Kazutake TSUJIKAWA, Professor, Department of Medical Pharmacy, Graduate School of Pharmaceutical Sciences

Kazutake TSUJIKAWA, Professor, Department of Medical Pharmacy, Graduate School of Pharmaceutical Sciences

Professor Kazutake TSUJIKAWA is continuing to develop new drugs based on the discovery of genes related to the progression of pancreatic cancer. With a longing for the far off sky which began in his childhood, Professor Tsujikawa currently has turned his interests to research on microscopic human cells. This two may seem completely opposite, but Professor Tsujikawa ensures, “The profoundness of the mechanisms of cells rivals that of space itself. Cells may seem very close, but space and cells both share traits of having places that we just can’t seem to reach.” He’s come this far on his current path because “if you can help people, then it’s worth devoting your life to it. But,” he continued, “no matter how many decades you devote, you’ll always have a ways to go.”
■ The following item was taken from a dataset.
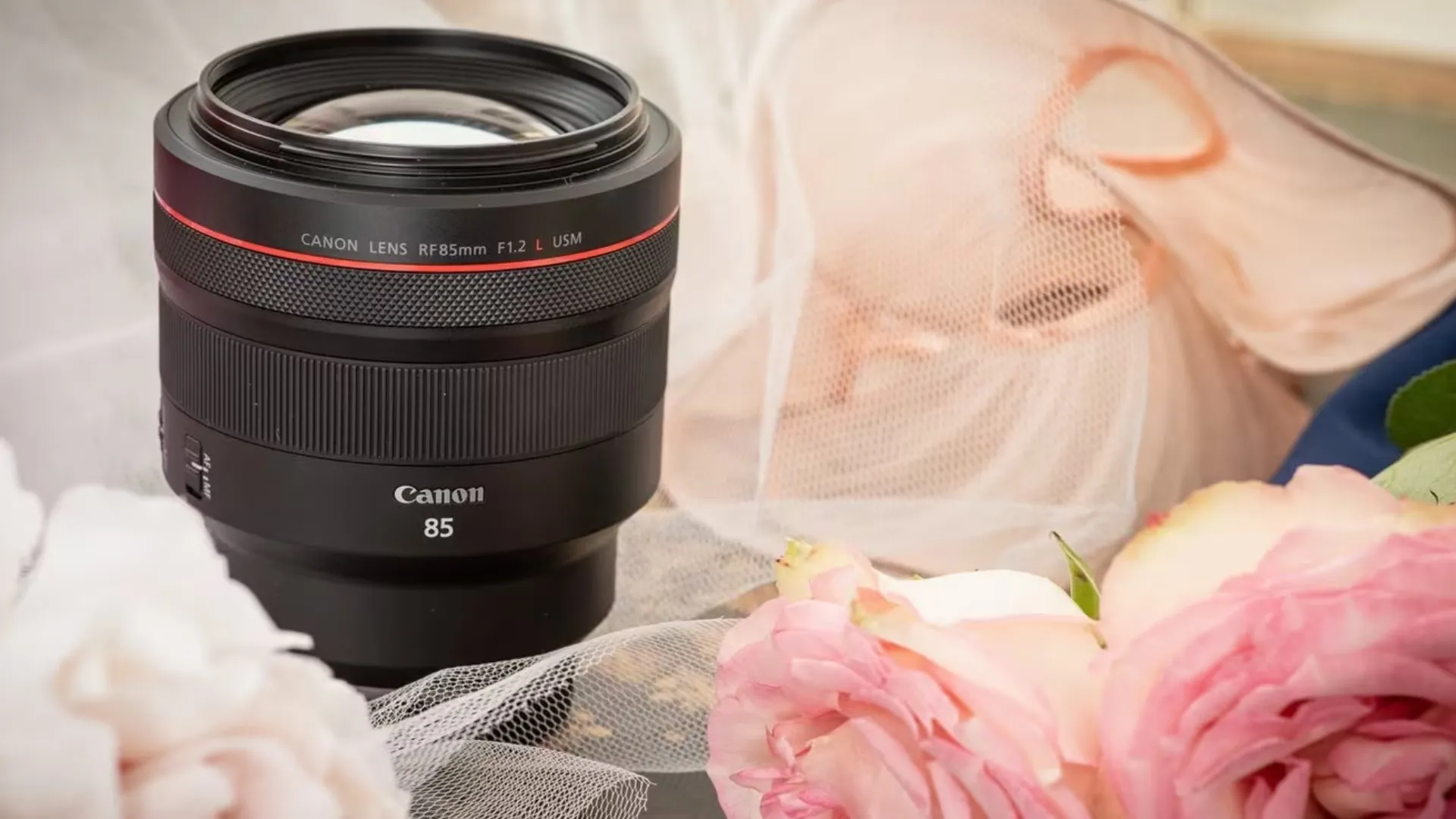 Стандартный объектив Canon RF 85mm f/1.2 L USM (3447C005) (Standard)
Wanting to create medicine, Professor Tsujikawa entered a pharmaceutical company after finishing graduate school. However, due to the division of labor in the drug development system, he returned to scholarship as a research student in the Graduate School of Pharmaceutical Sciences at Osaka University with the hopes of “finding medicine, getting on the factory line, and seeing the smiles on patients’ faces.”

Genetic engineering had not been established in the Graduate School of Pharmaceutical Sciences at the time, and Professor Tsujikawa, then an assistant, aimed to make use of molecular biology in the world of pharmaceutical sciences, traveling to the USA. “The children who I met with at Harvard Medical School where I was studying were suffering from adverse reactions, and eventually, I never saw them again. This was a shock to me. I was fiercely determined to make a cure. Ever since then, I’ve kept running down this path of cancer treatment and molecular cell biology.”

In 2015, a key element of the government’s growth strategy, the Japan Agency for Medical Research and Development (AMED), began. A hub for drug development by academia was established at Osaka University as well, with Professor Tsujikawa in charge. “Being a ‘city of medicine,’ leading edge research has always been conducted in Osaka. I want to create academia-developed drugs that are effective in fighting refractory diseases,” he said. He never did reach the heavens, but he continues his daily fight toward his goal to help patients in the microscopic world.

About Kazutake TSUJIKAWA

Professor Tsujikawa graduated from the Osaka University of Pharmaceutical Sciences, after which he entered a pharmaceutical company. He returned to the Graduate School of Pharmaceutical Sciences as an assistant in 1988. After doing research overseas at Harvard University, he became a professor in the Department of Applied Biopharmaceutical Sciences, Graduate School of Pharmaceutical Sciences. Professor Tsujikawa then became a professor in the Department of Medical Pharmacy at the same graduate school, as well as a professor at the Drug Innovation Center, Graduate School of Pharmaceutical Sciences. Various awards and achievement include the Japan Society for Biomedical Research on Trace Elements Award (1992), The Japanese Society of Immunotoxicology Award (2006), and the BioBusiness Award Japan (2011). Professor Tsujikawa specializes in molecular and cellular biology and drug development for cancer treatment. This will be the fourth year in a row in which Professor Tsujikawa has received the Presidential Award for Achievement.